Pengejaran folangji berlanjut hingga mereka tertangkap di dekat Semenanjung Dongshan pada tahun 1549, di mana dua kapal jung Portugis dan Galeote Pereira berhasil dikuasai Ming. Ming tampil sebagai pemenang dalam catatan sejarah Tiongkok.
Selama pertempuran ini, orang Ming merebut senjata dari Portugis yang kalah yang kemudian mereka rekayasa ulang dan diproduksi secara massal di Tiongkok seperti senapan korek api, serta senapan arquebus.
Selain arquebus sebagai senapan burung, istilah folangji dalam konteks ini juga mengacu pada senjata Portugis berupa meriam.
Kuasa Portugis atas Makau dalam Catatan Sejarah Tiongkok
Pada tahun 1554, upaya diplomatis folangji dengan Cina terus berlanjut. Portugis berupaya keras menggurat lembar baru dalam sejarah Tiongkok.
Leonel de Sousa membuat perjanjian dengan pejabat Guangzhou untuk melegalkan perdagangan Portugis, dengan syarat membayar bea cukai tertentu. Perjanjian ini berbuntut pada pengakuan Makau sebagai gudang resmi Portugis pada tahun 1557.
Leonel de Sousa menjadi Kapten-Mayor kedua Makau pada tahun 1558 (setara dengan Gubernur Makau yang kemudian). Makau adalah salah satu dari 4 wilayah administrasi Tiongkok.
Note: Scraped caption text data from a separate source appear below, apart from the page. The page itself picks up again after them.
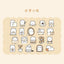 Momo Little Bear Please Be Happy Series Sticker Pack Illustration White Bear Daily Party Shopping and Camping Handbook Material DIY Decoration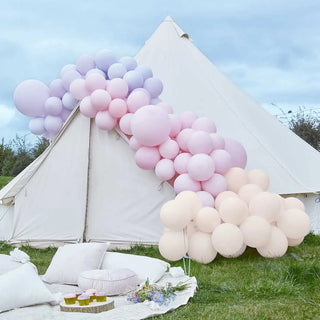 Ginger Ray | Luxe Pastel Pink & Purple Balloon Arch Kit | Pink Party Supplies NZ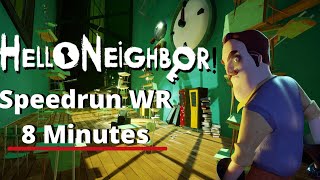 Hello Neighbor Speedrun Any% WR [8 MINUTES]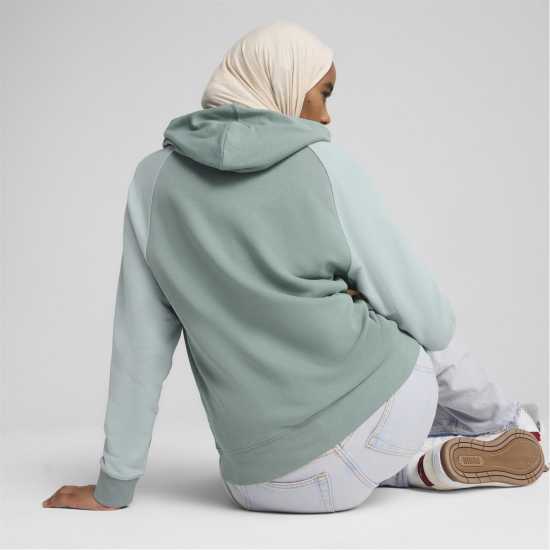 Puma Sport Comfort Hoodie Tr Hoody Womens Зелена Луна Дамски суичъри и блузи с качулки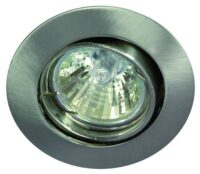 Rutec ALU55345 ALU-Druckguss Einbau- Strahler Schwenkbar MR-11-Eisen geb.-35W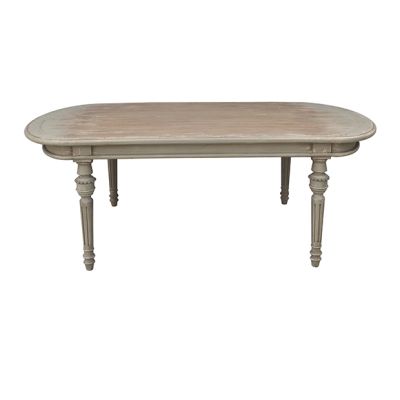 Distressed Top Oval Dining Table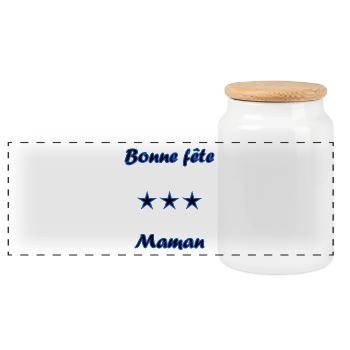 FÊTE DES MÈRES. BONNE FÊTE MAMAN. MAMAN. JE T'AIME - Boîte à biscuits avec couvercle en bois - blanc - Devant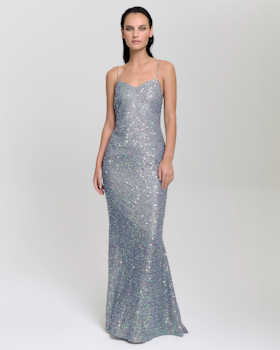 Ida Sjöstedt - Ester Sequin Dress - Iridescent Blue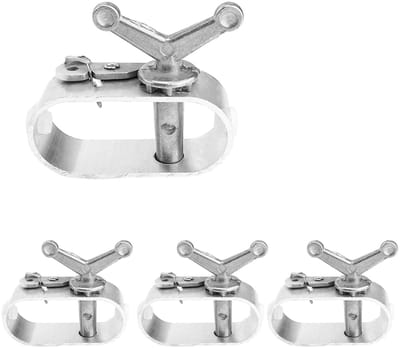 4 Stuks Spanklemmen van Staal, Lichtgewicht Aluminium, Voor Tenten, Zeilen en Schuttingen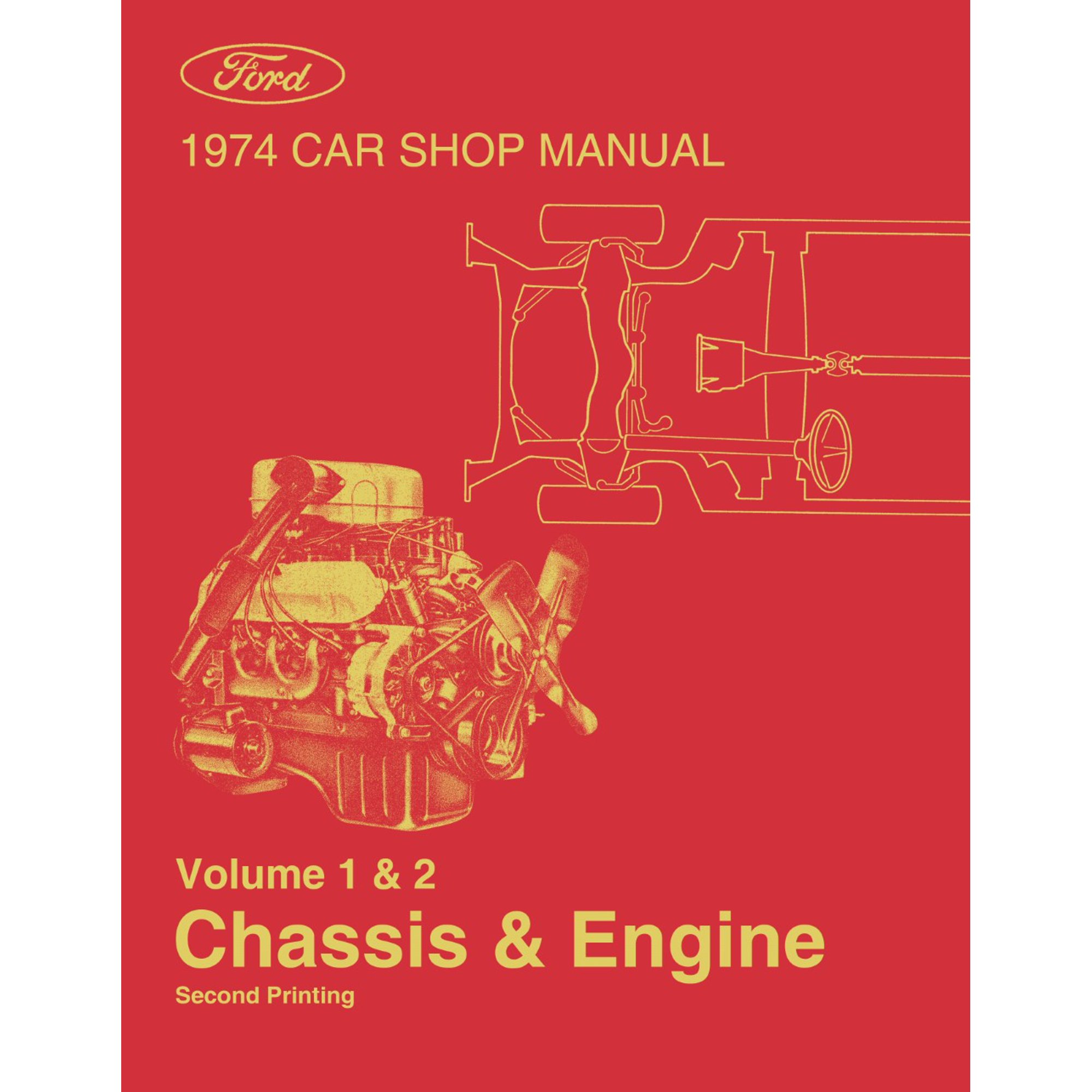 Detroit Iron OEM 1974 Ford / Lincoln / Mercury Shop Manual - 5 Volume Set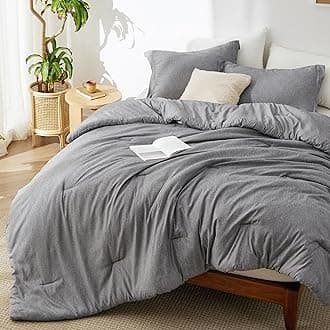 Bedsure Super King Comforter Set - Dark Grey Super King Size Comforter Set, Soft Bedding for All Seasons, Cationic Dyed Bedding Set, 3 Pieces, 1 Comforter (120"x120") and 2 Pillow Shams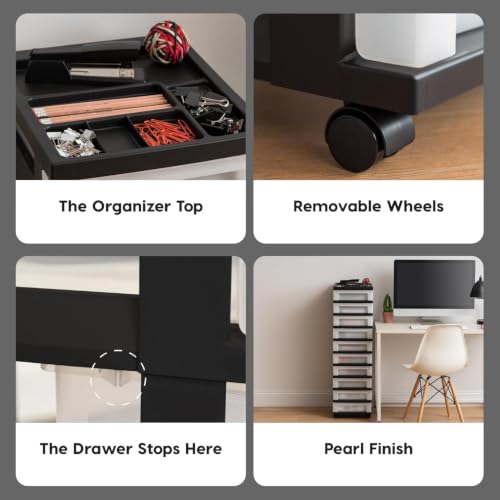 10 Drawer Rolling Storage Cart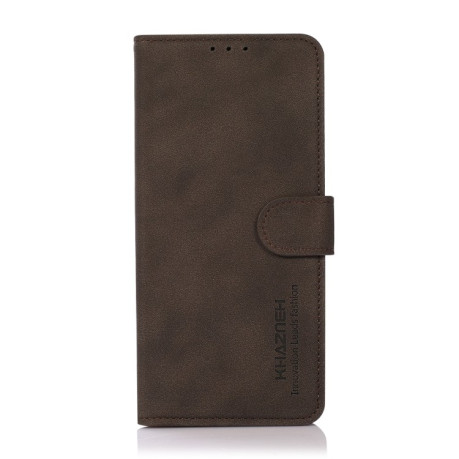 Чохол-книжка KHAZNEH Matte Texture для Samsung Galaxy S25 Ultra 5G - коричневий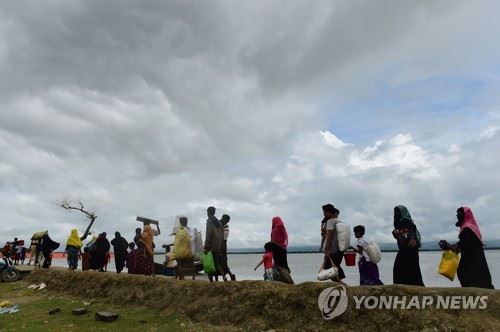 로힝야족 난민 행렬. AFP 연합뉴스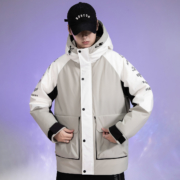 双11预售：雪中飞 X00145897F 男士工装连帽羽绒服
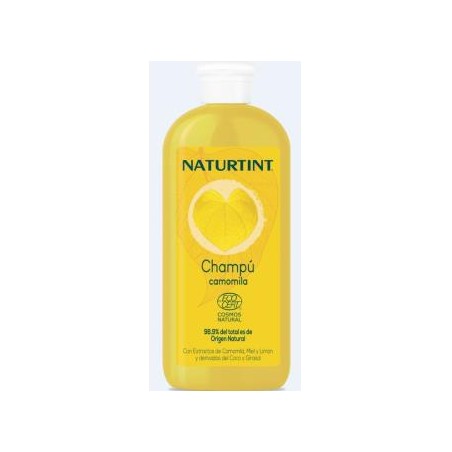 NATURTINT CHAMPU camomila 330ml. ECO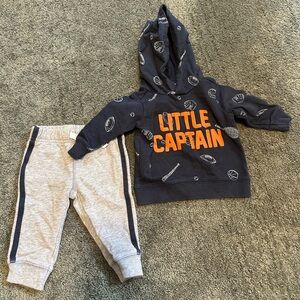 Carter's Gray and Navy Outfit Set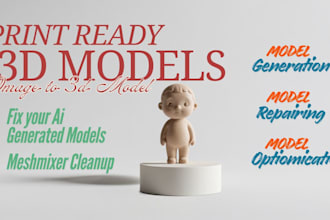 generate and fix ai 3d models for printing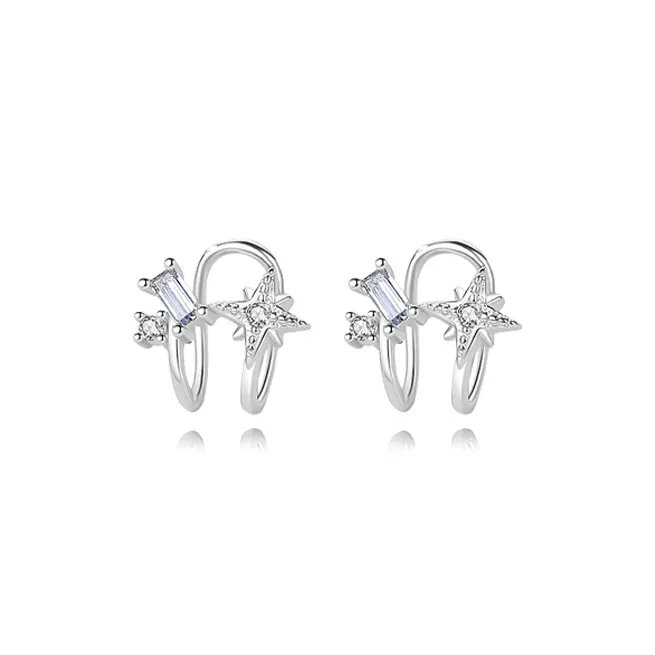 Muyan Alloy Clip On Earrings Unisex-1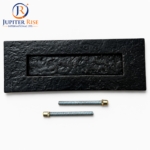BLACK ANTIQUE CAST IRON HEAVY LARGE LETTER POSTAL PLATE I DOOR FINGER PUSH PLATE - Image 2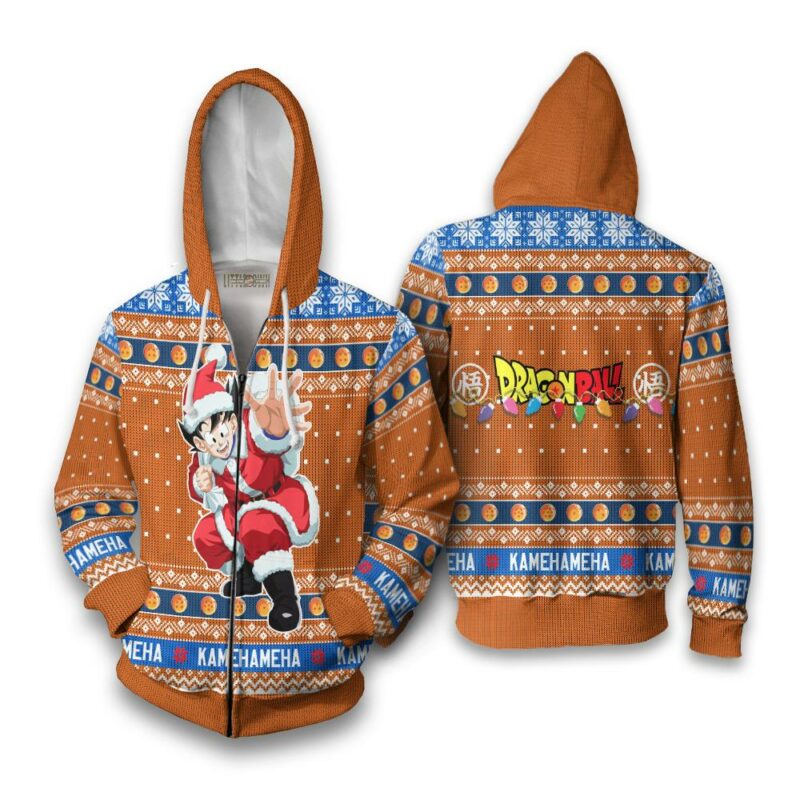 Dragon Ball Son Goku Anime Ugly Christmas Sweater Xmas Gift - LittleOwh - 5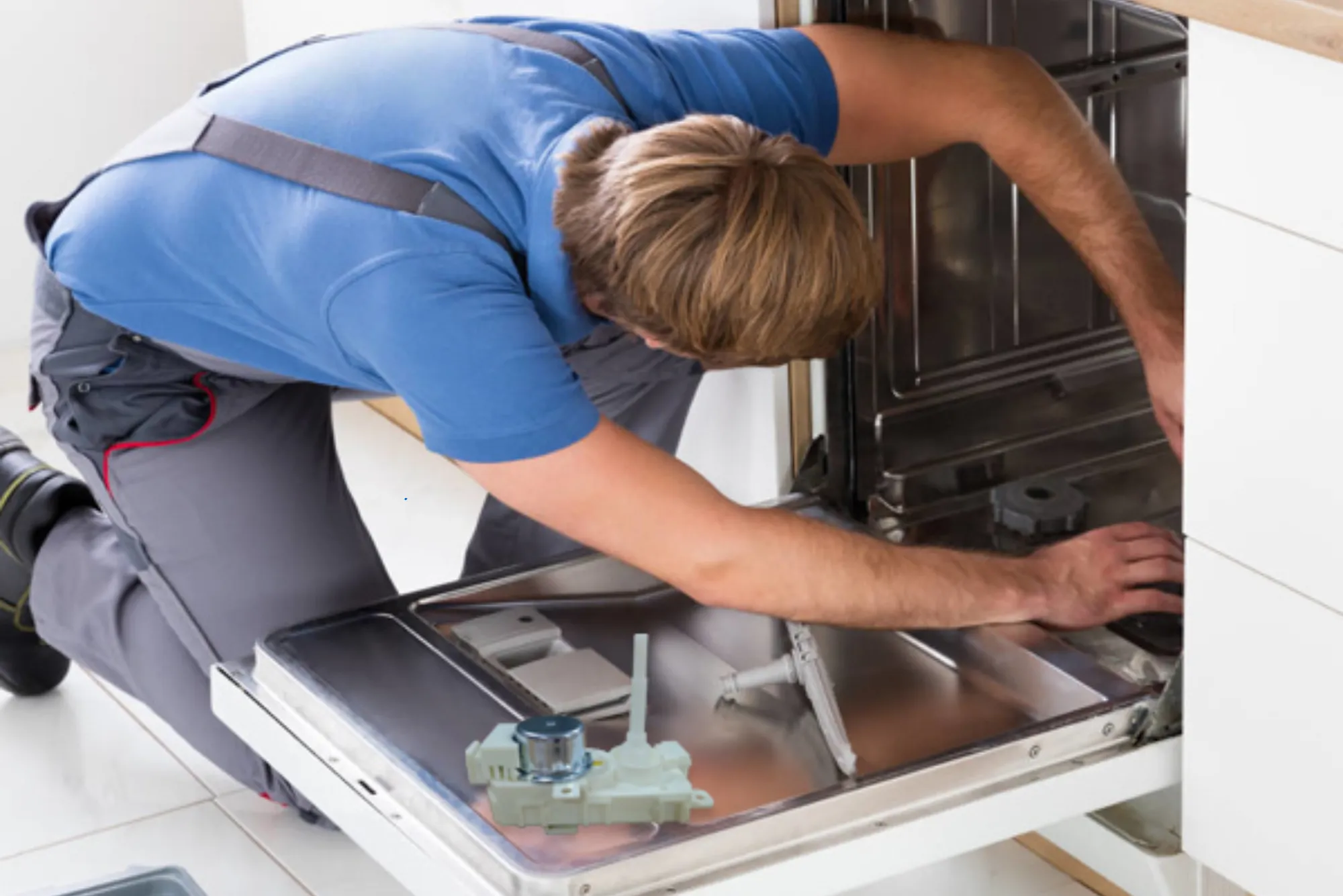 How to Replace a Dishwasher Door Grommet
Portugis membayar sewa tahunan untuk mengelola wilayah Makau yang saat itu berada di bawah kedaulatan Tiongkok. Namun, pada 1887, Portugal memperoleh hak koloni secara permanen atas Makau yang tertuang dalam Traktat Tiongkok-Portugal di Peking.
Makau tetap berada di bawah kekuasaan Portugis hingga tahun 1999, ketika kedaulatan Makau diserahkan oleh Portugis kepada Tiongkok.
Dokumen sejarah Tiongkok mengklaim bahwa Portugis melakukan suap untuk membuat pejabat lokal yang korup di Guangzhou menandatangani perjanjian itu secara pribadi. Legitimasi klaim tersebut telah diperdebatkan dalam studi akademik hari ini.
Selanjutnya, Makau menjadi daerah administratif khusus yang mempertahankan sistem pemerintahan dan ekonomi yang terpisah dari Tiongkok. Makau bertahan di bawah prinsip "satu negara, dua sistem" hingga 50 tahun ke depan.
Dalam catatan sejarah Tiongkok, Makau akan terikat dengan prinsip itu terhitung dari tahun 1999 hingga 50 tahun ke depan, berdasarkan perjanjian "Join declaration of Macau" hingga tahun 2049.
Berkat kuasa Portugis atas Makau selama hampir lebih 400 tahun lamanya, banyak percampuran budaya Portugis-Tiongkok. Arsitektur Portugis dan Kanton dimasukkan ke dalam Daftar Warisan Dunia oleh UNESCO pada tahun 2005.